Pictures are to be omitted. Output only the lines from the one containing "Uvex Pheos Cx2" through the end of the data, word for word.

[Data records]
::::::::::
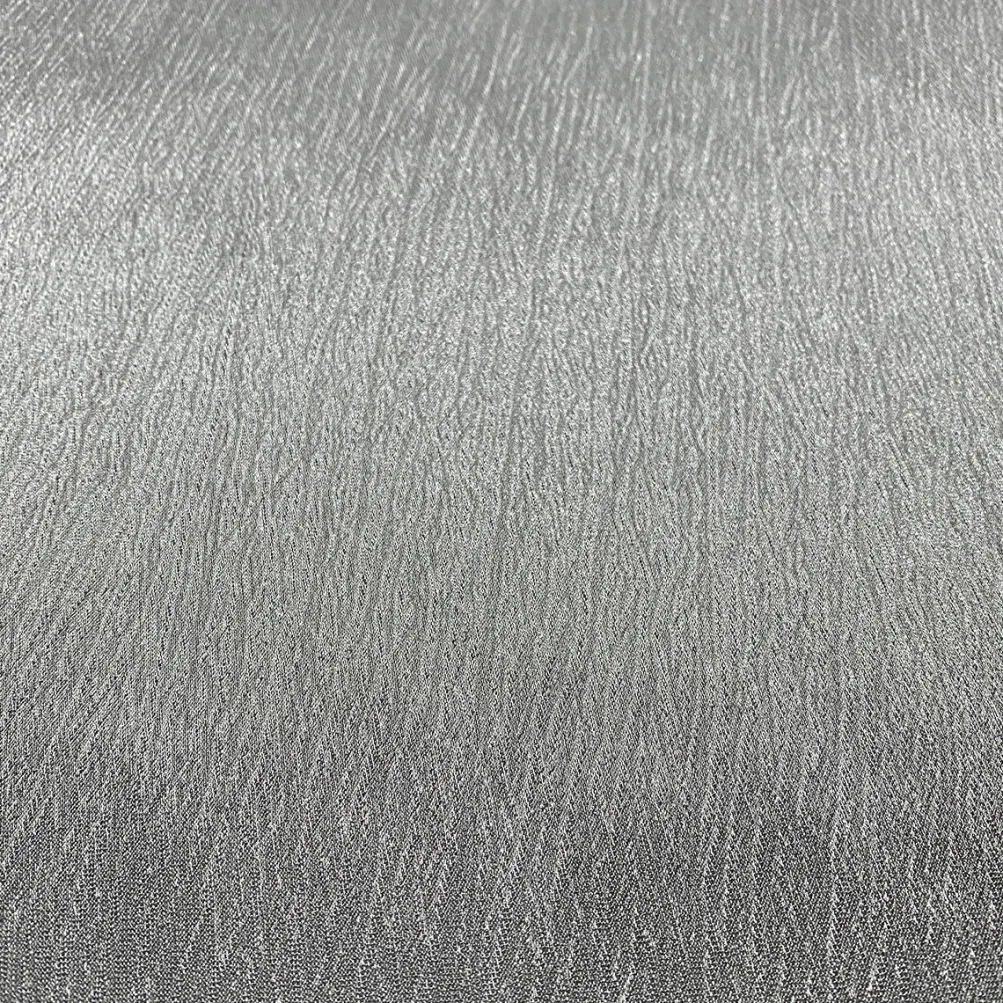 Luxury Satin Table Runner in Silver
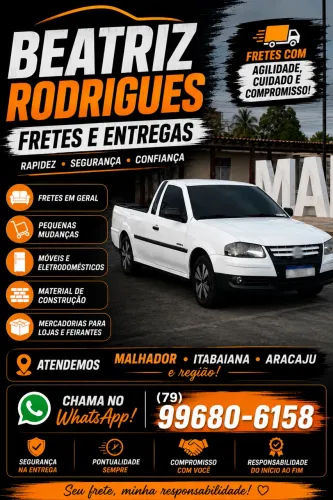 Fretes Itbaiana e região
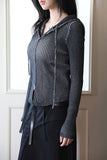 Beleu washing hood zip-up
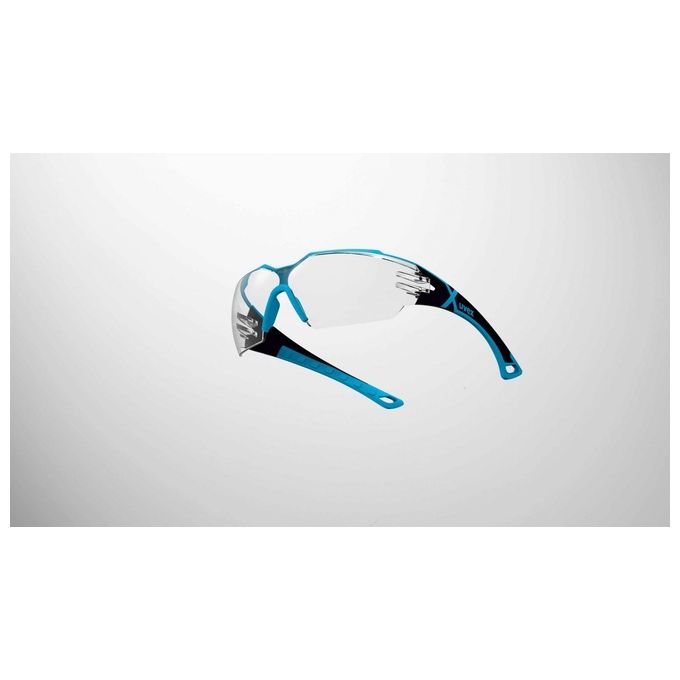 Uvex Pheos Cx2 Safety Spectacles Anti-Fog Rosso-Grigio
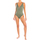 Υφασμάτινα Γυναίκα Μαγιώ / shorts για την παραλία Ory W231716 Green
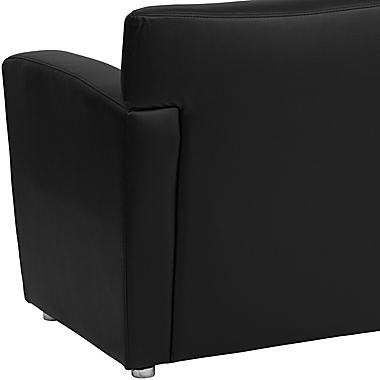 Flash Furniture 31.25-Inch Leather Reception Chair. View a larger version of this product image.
::::::::::
**Exercise response**.
 Uvex Pheos Cx2 Safety Spectacles Anti-Fog Rosso-Grigio
 Υφασμάτινα Γυναίκα Μαγιώ / shorts για την παραλία Ory W231716 Green
 Flash Furniture 31.25-Inch Leather Reception Chair. View a larger version of this product image.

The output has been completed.